The contents function displays the data dictionary and number of missing values for each variable. We can go deeper in summarizing a dataset as a whole. The qreport dataOverview function first produces a brief overview of the dataset with regard to number of variables, observations, and unique subject identifiers (if present). Then it provides a table, and a graphical report with one graph (in one report tab) per type of variable: continuous, discrete, or non-discrete non-numeric. Variable characteristics summarized are the number of distinct values, number of NAs, information measure (see describe), symmetry, modal variable value (most frequent value), frequency of modal value, minimum frequency value, and frequency of that value.
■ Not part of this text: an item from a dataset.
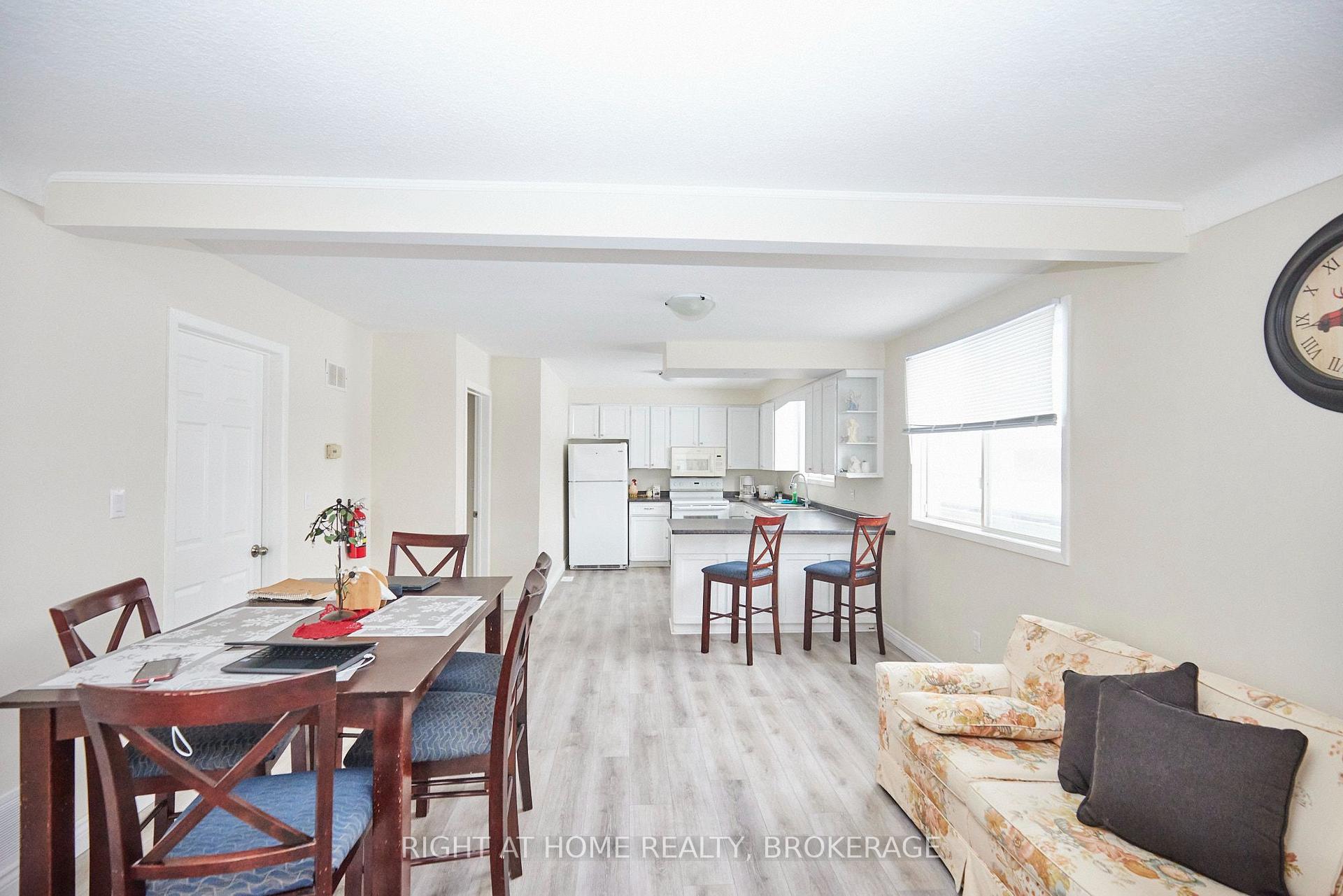 Photo 16 of 20 Augusta Avenue, St. Catharines, Facer — HOMEH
When there are tied frequencies the first value is reported. The default display is an interactive plotly scatterplot with the number of distinct values on the x-axis and symmetry on the y-axis. The other data characteristics are shown as hover text. The points are color-coded for intervals of the number of NAs.
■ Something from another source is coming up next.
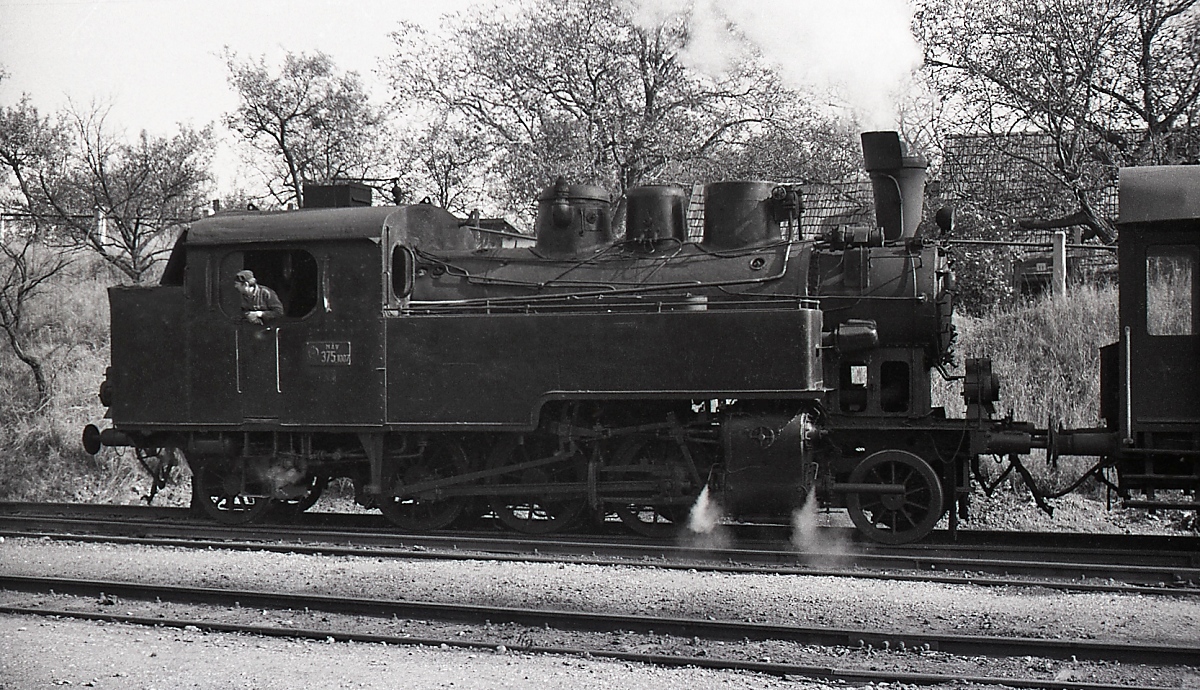 Im Oktober 1978 rangiert 375.2007 der MAV im Bahnhof Diosjenö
Info is the information in a variable relative to the information (1.0) in a variable having no tied values. Symmetry is defined as follows. For non-numeric variables, symmetry is one minus the mean absolute difference between relative category frequencies and the reciprocal of the number of categories. It has a value of 1.0 when the frequencies of all the categories are the same. For continuous variables symmetry is the ratio of the 0.95 quantile minus the mean to the mean minus the 0.05 quantile. This symmetry measure is < 1.0 when the left tail is heavy and > 1 when the right tail of the distribution is heavy.
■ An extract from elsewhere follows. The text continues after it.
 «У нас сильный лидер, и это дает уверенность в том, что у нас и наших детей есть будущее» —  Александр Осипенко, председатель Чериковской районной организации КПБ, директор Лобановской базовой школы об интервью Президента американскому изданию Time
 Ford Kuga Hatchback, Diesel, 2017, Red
Again use the support dataset.


support has 1000 observations (32 complete) and 35 variables (16 complete)

Variable Type Distinct Info Symmetry NAs Rarest Value Frequency of Rarest Value Mode Frequency of Mode
age Continuous 970 1.000 0.756 0 18.042 1 67.102 3
death Discrete 2 0.665 0.832 0 0 332 1 668
sex Discrete 2 0.738 0.938 0 female 438 male 562
hospdead Discrete 2 0.567 0.753 0 1 253 0 747
slos Continuous 88 0.998 3.783 0 41 1 5 78
d.time Continuous 582 1.000 2.988 0 39 1 4 25
dzgroup Discrete 8 0.934 0.929 0 Colon Cancer 49 ARF/MOSF w/Sepsis 391
dzclass Discrete 4 0.857 0.855 0 Coma 60 ARF/MOSF 477
num.co Discrete 8 0.937 0.904 0 7 1 1 337
edu Continuous 26 0.969 0.929 202 1 1 12 241
income Discrete 5 0.872 0.888 349 >$50k 75 under $11k 309
scoma Continuous 11 0.650 7.516 0 61 6 0 704
charges Continuous 968 1.000 4.328 25 1635.75 1 4335 2
totcst Continuous 896 1.000 4.032 105 0 1 0 1
totmcst Continuous 618 1.000 3.656 372 829.63 1 0 12
avtisst Continuous 242 1.000 1.651 6 1.667 1 13 38
race Discrete 6 0.512 0.766 5 asian 9 white 781
meanbp Continuous 122 1.000 1.179 0 20 1 73 33
wblc Continuous 283 1.000 1.878 24 0.07 1 6.3 16
hrt Continuous 124 1.000 1.297 0 11 1 80 48
resp Continuous 45 0.993 1.195 0 7 1 20 147
temp Continuous 64 0.999 1.262 0 32.5 1 36.398 57
pafi Continuous 464 1.000 1.446 253 34 1 240 8
alb Continuous 39 0.998 1.202 378 4.399 1 2.6 37
bili Continuous 116 0.997 6.559 297 2.9 1 0.6 65
crea Continuous 88 0.997 4.284 3 0.3 1 0.9 79
sod Continuous 42 0.997 1.246 0 120 1 135 86
ph Continuous 54 0.998 0.710 250 6.96 1 7.399 49
glucose Continuous 227 1.000 2.711 470 11 1 96 9
bun Continuous 107 1.000 2.672 455 2 1 18 21
urine Continuous 360 1.000 1.677 517 1 1 0 12
adlp Discrete 9 0.842 0.880 634 7 4 0 194
adls Discrete 9 0.899 0.903 310 7 30 0 313
sfdm2 Discrete 6 0.874 0.844 159 Coma or Intub 7 <2 mo. follow-up 338
adlsc Continuous 251 0.967 2.535 0 1.57 1 0 313
0 [ 3, 6) [ 6,105) [105,250) [250,310) [310,378) [378,517) [517,634]
Intervals of frequencies of NAs used for color-coding plots

Plot of the degree of symmetry of the distribution of a variable (value of 1.0 is most symmetric) vs. the number of distinct values of the variable. Hover over a point to see the variable name and detailed characteristics.